Immerse yourself in a new kind of Toronto

Anishinaabe artist Lisa Jackson brings a striking vision to life in her VR work, Biidaaban.

Imagine a Toronto where the concrete is overgrown with lush and thick flora, where the stretch that was once home to the King Street Pilot Project is now a tributary where the locals canoe to work, where vegetables grow on rooftops, where urban life has been remixed, remodelled, reimagined.

That’s the (virtual) reality brought to life in Biidaaban: First Light. The new VR experience, created by Anishinaabe VR artist and filmmaker Lisa Jackson and 3D artist Matthew Borrett, puts the user in a new Toronto, one envisioned by Jackson as a city reclaimed by nature. The goal is to prompt people to consider their place in history, which helps them determine their role in the future.

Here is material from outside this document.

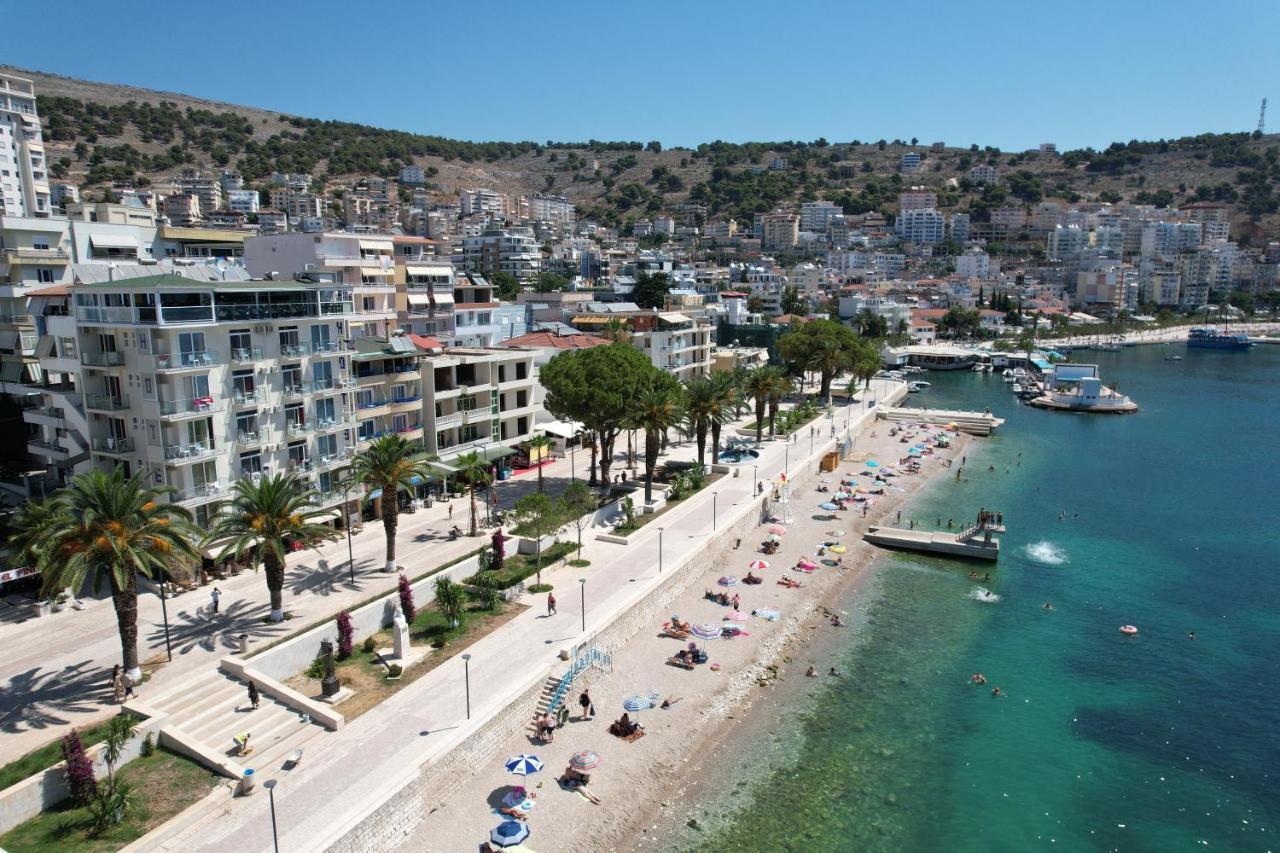 Republika Hotel Sarandë Exterior foto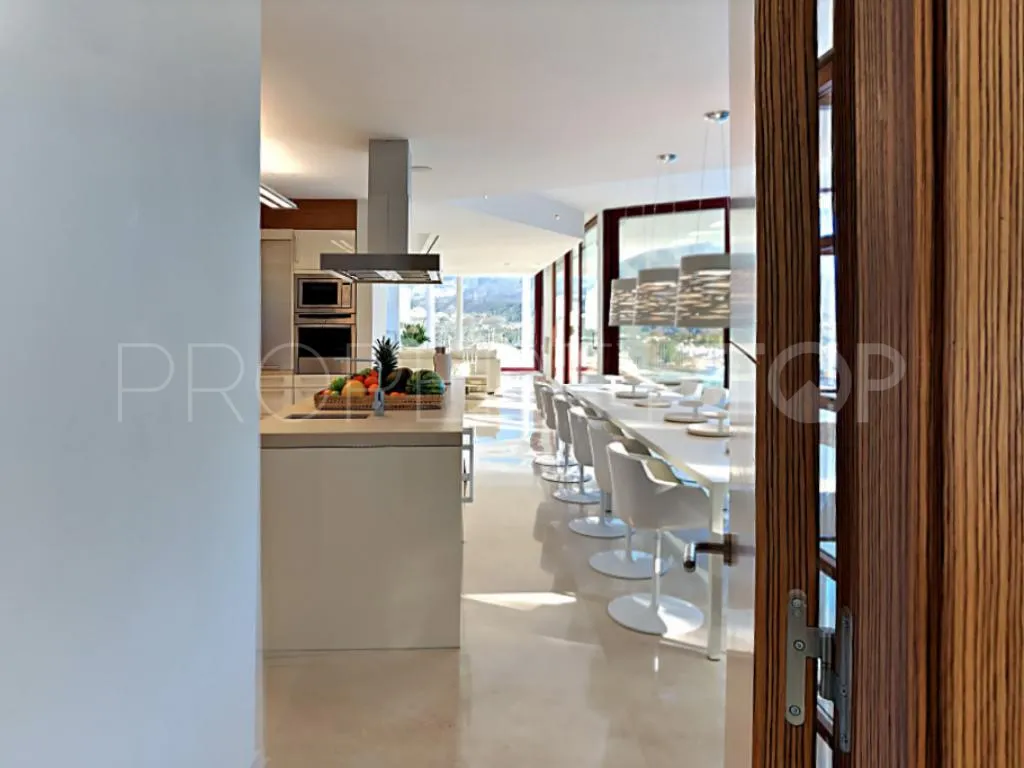 Villa en venta con 7 dormitorios en Nueva Andalucia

In this new Toronto (originally known as Tkaronto), one can hear the languages that were originally spoken in the area, as well as reading the written text of the Wendat, Kanien’kehá:ka (Mohawk) and Anishinaabe (Ojibway), not only gaining further insight into the land’s first peoples and their thought systems, but also increasing their appreciation for Indigenous languages and their risk of disappearing.

The experience premieres tomorrow night in Toronto at Nathan Phillips Square in a custom-built installation. Up to five people can don VR headsets at once and explore the reimagined setting, which includes both Nathan Phillips Square and Osgoode Subway Station. The film will be showcased until Sept. 24.